Sejak kunjungan pertamanya tersebut, ia mulai berupaya melakukan sesuatu bagi anak-anak di LPKA.

“Anak-anak ini kan rutinitasnya hanya makan, tidur, seperti itu, jadi saya berniat membuatkan aktivitas untuk mereka,” tutur Ratna. 

Banyak LPKA di kota lain dalam kondisi yang tidak baik. Kebanyakan, anak-anak berada bersama orang dewasa. Hal tersebut menciptakan kondisi yang semakin riskan bagi anak-anak. “Jika digabung, anak-anak bisa diajarkan hal-hal yang buruk,” ujar Ratna.

Di Kota Bengkulu sendiri, LPKA hanya berbeda blok dengan penjara untuk orang dewasa. Namun kepengurusan struktural berbeda sehingga pembinaan terhadap anak-anak tidak terbagi dan lebih fokus.

Ratna mulai bergerak merealisasikan inisiatifnya dengan membentuk Satuan Tugas (Satgar). Bersama sejumlah Organisasi Perangkat Daerah (OPD) lainnya seperti Dinas Pendidikan, Dinas Kesehatan, dan Dinas Perpustakaan dan Arsip, ia merencanakan kunjungan rutin ke LPKA. “Mereka inisiatif sendiri memberikan sumbangan ide, misalnya Diknas berinisiatif untuk mengadakan les rutin demi kejar Paket A, B, dan C,” ujar Ratna.
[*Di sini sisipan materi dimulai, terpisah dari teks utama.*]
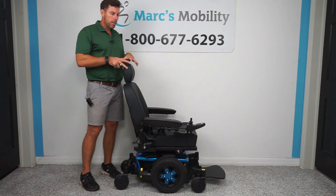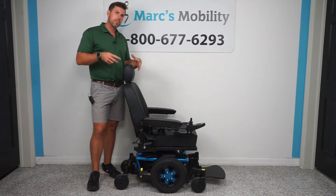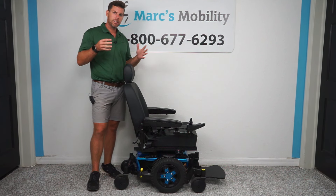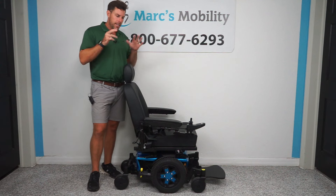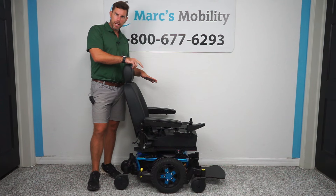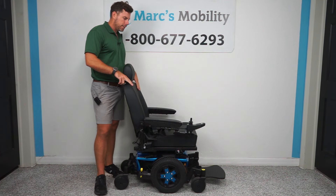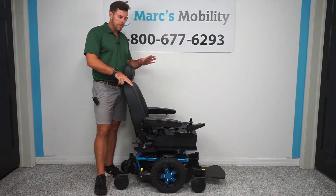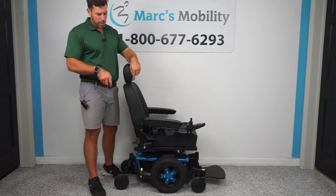This is a Quantum Edge 3. Quantums are able to have tons of different seat functions on them, so don't be confused when you see the name Quantum and you see seat lifts and all this. This particular unit is just a standard power chair with the Quantum base. Quantums are able to have different seating systems, but this is just a standard seat if somebody just needs to get from A to B but likes the quality and the design of the Quantum.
Dinas Perpustakaan dan Arsip berinisiatif membawa mobil perpustakaan keliling setiap bulan ke LPKA sehingga anak-anak dapat membaca buku-buku yang mereka suka. 

Tidak cukup itu, Ratna juga terus mengusahakan agar anak-anak dapat mengakses fasilitas kesehatan. Sampai saat ini hanya tersedia Pusat Kesehatan Masyarakat (Puskesmas) terdekat. Ratna berusaha agar Dinas Kesehatan menyediakan tenaga kesehatan untuk anak-anak di LPKA. 
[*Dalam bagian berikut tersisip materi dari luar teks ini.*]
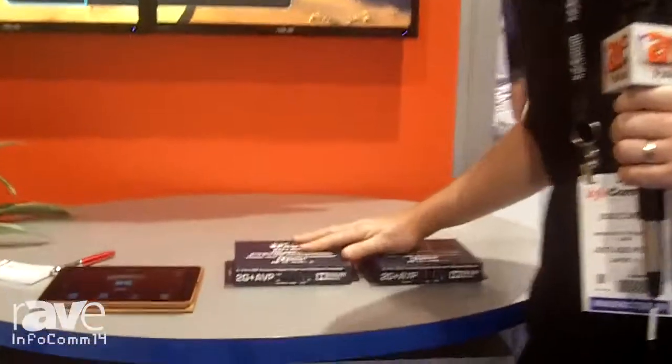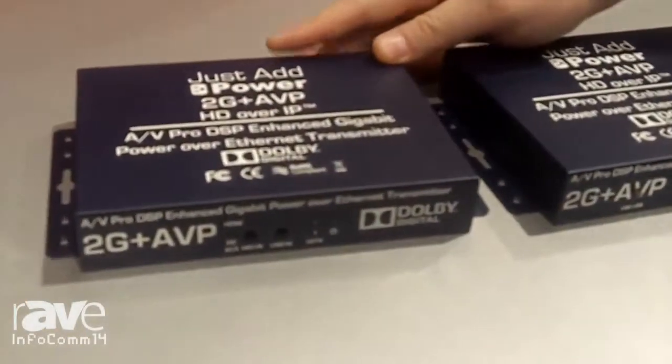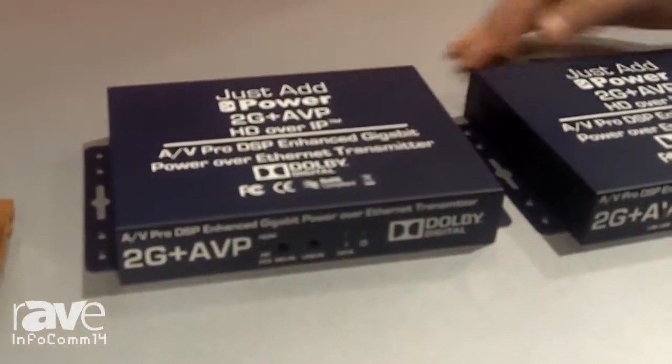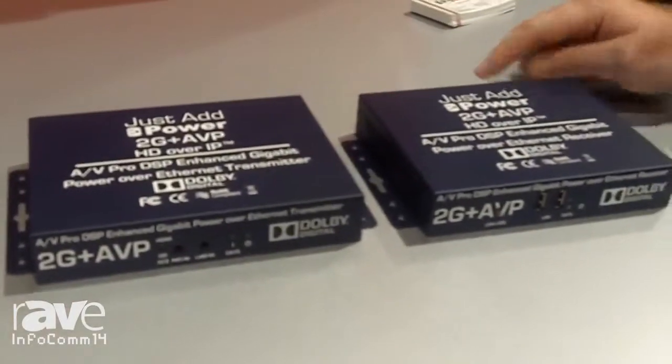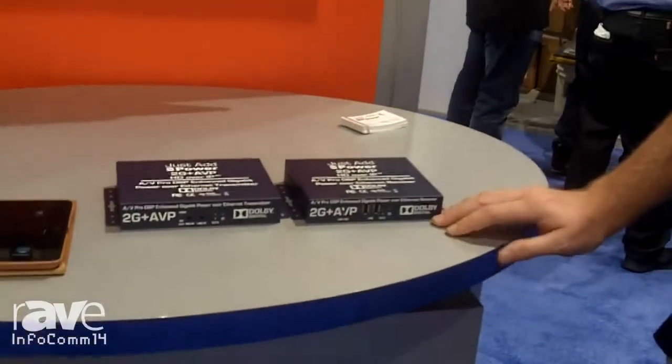That's our AV Pro model of the 2G product line. This is a PoE form factor model with a digital sound processor that now gives us the ability to down-mix multi-channel audio on your matrix, so you can have both two-channel zones and multi-channel zones.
Forum Anak juga dibentuk. Forum anak memiliki program yang terintegrasi dengan program-programnya. Forum Anak Kota Bengkulu ini banyak bergerak di dalam LPKA untuk menjalin hubungan dan menciptakan suasana kondusif. “Forum Anak ini juga sudah ditetapkan dengan dikeluarkannya Surat Keputusa dengan program-programnya yang rutin,” tutur Ratna.

Berbagai kegiatan diadakan di LPKA, mulai dari bermain sepak bola bersama, forum berbagi, kegiatan kesenian, dan banyak lainnya. 

Saat ini terdapat 84 anak-anak yang berada di LPKA Kota Bengkulu. Ratna bercerita bahwa kebanyakan anak-anak itu tersandung kasus pencurian dan sedikit sekali yang karena perkosaan atau pembunuhan. Itu pun karena pengaruh faktor ekonomi dan pendidikan di lingkungan mereka. 

Bagi Ratna, semestinya anak-anak ini tidak perlu langsung masuk divonis dan menjalani pidana. “Kan ada keadilan restoratif, seharusnya anak-anak bisa dibina di Dinas Sosial. Kalau di luar negeri kan begitu, mereka dapat hukuman kerja sosial sekian jam dalam seminggu selama masa hukuman, lalu dibebaskan dengan wajib lapor,” jelas Ratna.  Keadilan restoratif adalah pengaturan hukum pidana dalam perspektif dan pencapaian keadilan kepada perbaikan maupun pemulihan keadaan setelah peristiwa dan proses peradilan pidana. Sayangnya, Dinas Sosial belum mampu mengakomodir hal ini lebih jauh, selain karena fasilitas juga karena sistem yang belum mendukung.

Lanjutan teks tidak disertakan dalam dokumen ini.